» PROVIDED RECORDS:
+ + + + + + +
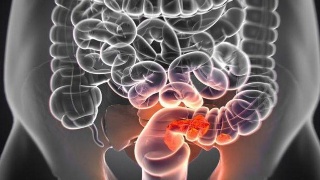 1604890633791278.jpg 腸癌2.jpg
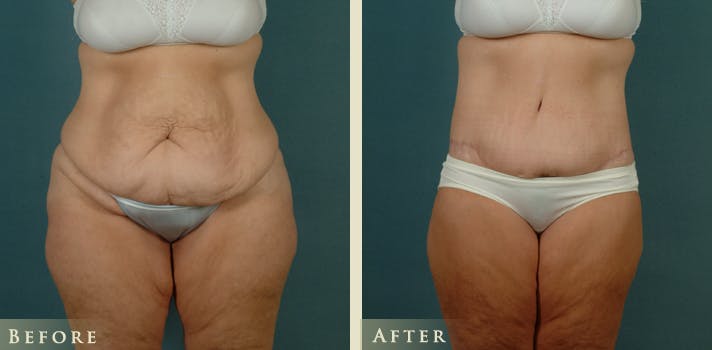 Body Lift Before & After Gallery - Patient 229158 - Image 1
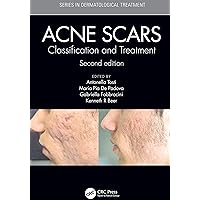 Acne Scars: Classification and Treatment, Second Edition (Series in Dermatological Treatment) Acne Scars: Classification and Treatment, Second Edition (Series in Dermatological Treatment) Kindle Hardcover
+ + + + + + +
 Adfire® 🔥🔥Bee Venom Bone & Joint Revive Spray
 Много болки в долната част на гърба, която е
+ + + + + + +
» PROBLEM REQUIREMENTS: Your answer should consist of the lines from the line with "Adfire® 🔥🔥Bee Venom" to the line with "Много болки в долната част на гърба, която е" above, repeated exactly, both ends included.

» OUTPUT OF THE EXERCISE:
 Adfire® 🔥🔥Bee Venom Bone & Joint Revive Spray
 Много болки в долната част на гърба, която е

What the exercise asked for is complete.